Felines fancied the trees, Dr Richards said, because they were attracted to the shiny baubles and sparkling tinsel.
“It just looks like an enormous playpen to them,” she told ABC Radio.
“Cats love playing with little balls so they’ll knock them off and bat them and have a lovely time.”
Swallowed string bad for cat’s gut
But hanging the baubles higher just increases the likelihood of your cat climbing the tree, which is not a good idea.
“There’s a potential of knocking the tree over and not just creating mess and mayhem, but even breaking their leg with the tree falling on top of them.”

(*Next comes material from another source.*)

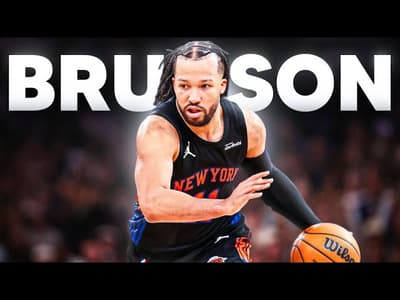 Where Does Jalen Brunson Rank In The NBA?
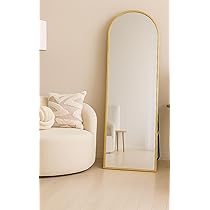 スタンドミラー/姿見/ゴールド/ミラー 楽天市場】鏡 スタンドミラー 全身 全身鏡 大型ミラー ゴールド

Luckily such tree-toppling incidents were rare, Dr Richards said.
The most common Christmas tree-related injuries to cats come from them chewing on decorations.

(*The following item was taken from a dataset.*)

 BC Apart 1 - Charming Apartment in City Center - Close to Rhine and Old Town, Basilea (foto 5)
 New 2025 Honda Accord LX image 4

“Cats either swallow the string from the baubles or chew on the tinsel,” Dr Richards said.
“It can cause huge problems in their intestines.”
Laying a plan to foil climbing kittens
Dr Richards said it was best to keep your tree in a place where you could supervise your feline friend.
But as you count down the sleeps till Santa comes, keeping your kitten and Christmas tree separated is the best way to ensure a silent night.
“I think the most sensible thing, obviously, would be to have the tree in an area that you can actually shut the door,” Dr Richards said.
If that’s not possible, you could consider covering the floor around the tree with aluminium foil.
“Cats don’t like to stand on that surface,” Dr Richards said.